This study explores the molecular association between 4-(thiophen-2-yl)-1-(4-(4-(trifluoromethyl)phenyl)piperazin-1-yl)butan-1-one (RTC1), an antidiabetic compound recently reported by our research group with challenging aqueous solubility, and 2-hydroxypropyl-β-cyclodextrin (HPBCD). The formation of a RTC1/HPBCD complex resulted in improved solubility. A phase-solubility diagram was used to determine the complex stability constant and stoichiometric ratio. 2D ¹H NMR spectroscopy was utilized to study the molecular interaction between RTC1 and HPBCD in the complex. Differential scanning calorimetry and scanning electron microscopy was also employed to confirm complex formation. In vitro biological evaluation, using a glucose uptake assay, showed that the homogeneous RTC1/HPBCD complex solution showed the same activity to that of RTC1 alone, with no reduction in activity due to the presence of HPBCD.

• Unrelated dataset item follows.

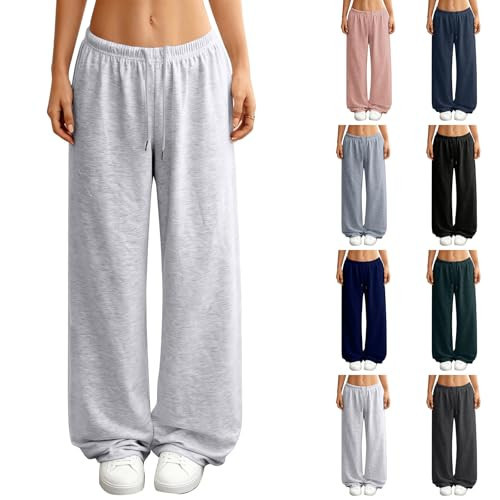 Wide Leg Sweat Pants for Women Baggy Low Rise Sweatpants Straight Leg Lounge Female Joggers Sweatpants Workout Gym Athletic Pants High Waisted Trousers Comfy Womens Joggers with Pockets Gray S | Amazon (US)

这项研究探讨了最近报道的一种抗糖尿病化合物4-（噻吩-2-基）-1-（4-（4-（三氟甲基）苯基）哌嗪-1-基）丁-1-酮（RTC1）之间的分子缔合是由我们的研究小组提出的，它具有极富挑战性的水溶性和2-羟丙基-β-环糊精（HPBCD）。RTC1 / HPBCD复合物的形成导致溶解度提高。使用相溶解度图确定复数稳定常数和化学计量比。2D ¹利用1 H NMR光谱研究复合物中RTC1和HPBCD之间的分子相互作用。差示扫描量热法和扫描电子显微镜也被用来确认复合物的形成。使用葡萄糖摄取测定法进行的体外生物学评估显示，均匀的RTC1 / HPBCD复合溶液显示出与单独的RTC1相同的活性，并且由于HPBCD的存在，活性没有降低。